In one embodiment, the apparatus further comprises:
and (3) taking the original abnormal data and the new abnormal data output by the classification vector machine as data for optimizing the classification vector machine, and redefining a classification hyperplane and a classification decision function of the classification vector machine.
In a third aspect, the present disclosure also provides a computer device. The computer device comprises a memory storing a computer program and a processor implementing the steps of the method for detecting abnormal data when the processor executes the computer program.
In a fourth aspect, the present disclosure also provides a computer-readable storage medium. The computer readable storage medium has stored thereon a computer program which, when executed by a processor, implements the steps of a method of detecting anomalous data.
In a fifth aspect, the present disclosure also provides a computer program product. The computer program product comprises a computer program which, when executed by a processor, implements the steps of a method of detecting anomalous data.
The method for detecting the abnormal data at least comprises the following beneficial effects:
according to the embodiment scheme provided by the disclosure, the resource interaction data and the operation result data can be subjected to feature extraction to obtain the resource interaction features and the operation result features, the resource interaction features and the corresponding operation result features are subjected to feature fusion based on the weight coefficients corresponding to the different features to obtain fusion features, and the fusion features are input into the classification vector machine to determine abnormal data in the operation result data, so that the abnormal data detection efficiency is improved.
It is to be understood that both the foregoing general description and the following detailed description are exemplary and explanatory only and are not restrictive of the disclosure.
Drawings
In order to more clearly illustrate the technical solutions of the embodiments or the conventional techniques of the present disclosure, the drawings required for the descriptions of the embodiments or the conventional techniques will be briefly described below, and it is apparent that the drawings in the following description are only some embodiments of the present disclosure, and other drawings may be obtained according to the drawings without inventive effort to those of ordinary skill in the art.
FIG. 1 is an application environment diagram of a method for detecting anomalous data in an embodiment;
FIG. 2 is a flow chart of a method for detecting abnormal data according to an embodiment;
FIG. 3 is a flow chart illustrating a method for detecting abnormal data according to an embodiment;
FIG. 4 is a block diagram of an apparatus for detecting abnormal data in one embodiment;
FIG. 5 is a block diagram of an apparatus for detecting abnormal data in one embodiment;
FIG. 6 is an internal block diagram of a computer device in one embodiment;
fig. 7 is an internal structural diagram of a server in one embodiment.
Detailed Description
In order to enable those skilled in the art to better understand the technical solutions of the present disclosure, the technical solutions of the embodiments of the present disclosure will be clearly and completely described below with reference to the accompanying drawings.

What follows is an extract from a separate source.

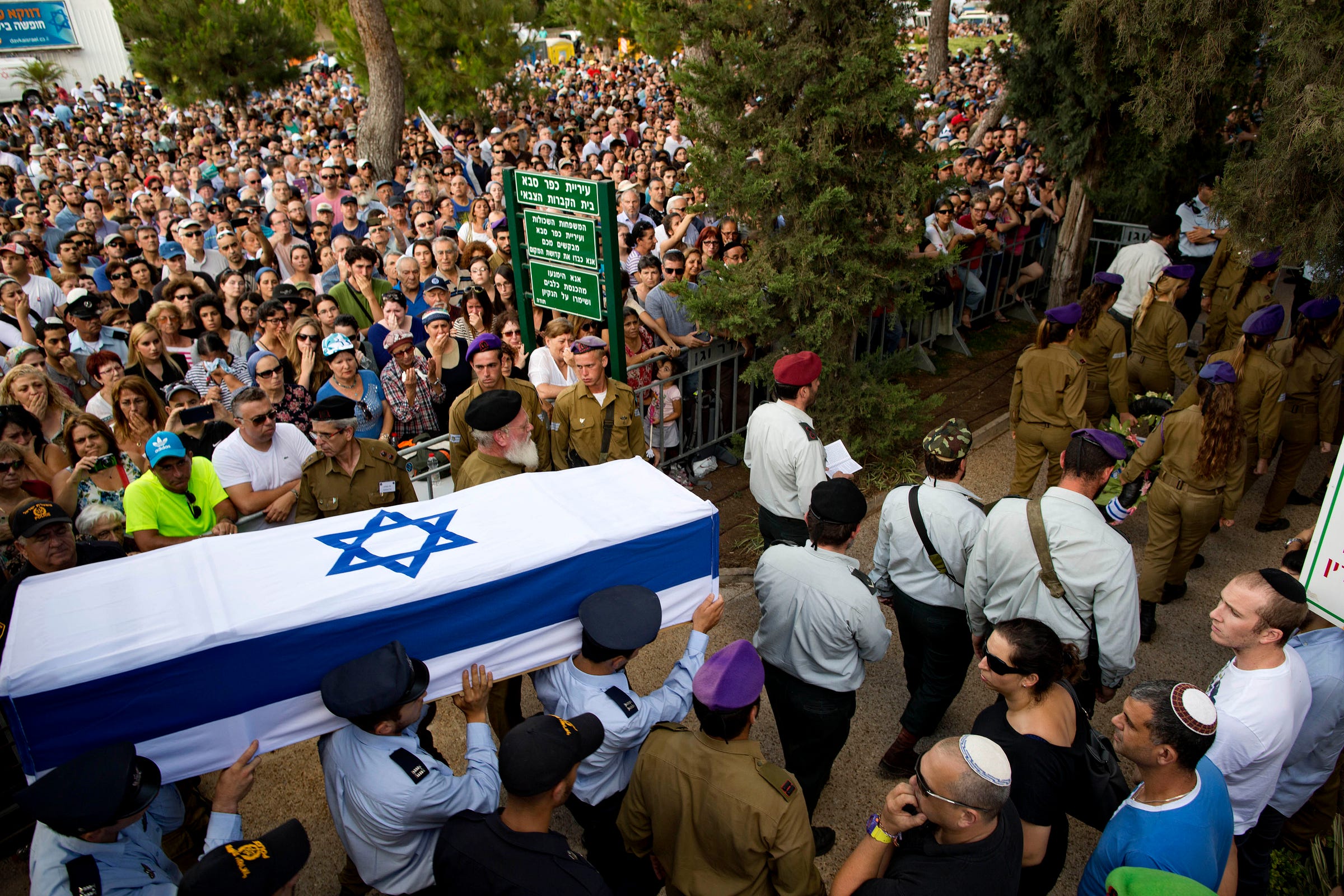 https://img.washingtonpost.com/rw/2010-2019/WashingtonPost/2014/08/03/Foreign/Images/Mideast_Israel_Palestinians-07009.jpg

It should be noted that the terms "first," "second," and the like in the description and claims of the present disclosure and in the foregoing figures are used for distinguishing between similar objects and not necessarily for describing a particular sequential or chronological order. It is to be understood that the data so used may be interchanged where appropriate such that the embodiments of the disclosure described herein may be capable of operation in sequences other than those illustrated or described herein. The implementations described in the following exemplary examples are not representative of all implementations consistent with the present disclosure. Rather, they are merely examples of apparatus and methods consistent with some aspects of the present disclosure as detailed in the accompanying claims. The terms "comprises," "comprising," or any other variation thereof, are intended to cover a non-exclusive inclusion, such that a process, method, article, or apparatus that comprises a list of elements does not include only those elements but may include other elements not expressly listed or inherent to such process, method, article, or apparatus. Without further limitation, it is not excluded that additional identical or equivalent elements may be present in a process, method, article, or apparatus that comprises a described element. For example, if first, second, etc. words are used to indicate a name, but not any particular order.

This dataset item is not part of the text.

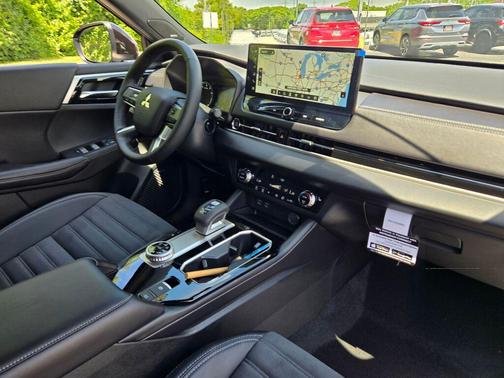 Graphite Gray 2026 Mitsubishi Outlander LE S-AWC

The embodiment of the disclosure provides a method for detecting abnormal data, which can be applied to an application environment as shown in fig. 1. Wherein the terminal 102 communicates with the server 104 via a network. The data storage system may store data that the server 104 needs to process. The data storage system may be integrated on the server 104 or may be located on a cloud or other network server. The terminal 102 may be, but not limited to, various personal computers, notebook computers, smart phones, tablet computers, internet of things devices, and portable wearable devices, where the internet of things devices may be smart speakers, smart televisions, smart air conditioners, smart vehicle devices, and the like. The portable wearable device may be a smart watch, smart bracelet, headset, or the like. The server 104 may be implemented as a stand-alone server or as a server cluster of multiple servers.
In some embodiments of the present disclosure, as shown in fig. 2, a method for detecting abnormal data is provided, and the method is applied to the server in fig. 1 to process the abnormal data for illustration. It will be appreciated that the method may be applied to a server, and may also be applied to a system comprising a terminal and a server, and implemented by interaction of the terminal and the server. In a specific embodiment, the method may include the steps of:
s202: and acquiring resource interaction data and operation result data corresponding to the resource interaction data, wherein the operation result data comprises abnormal data and correct data.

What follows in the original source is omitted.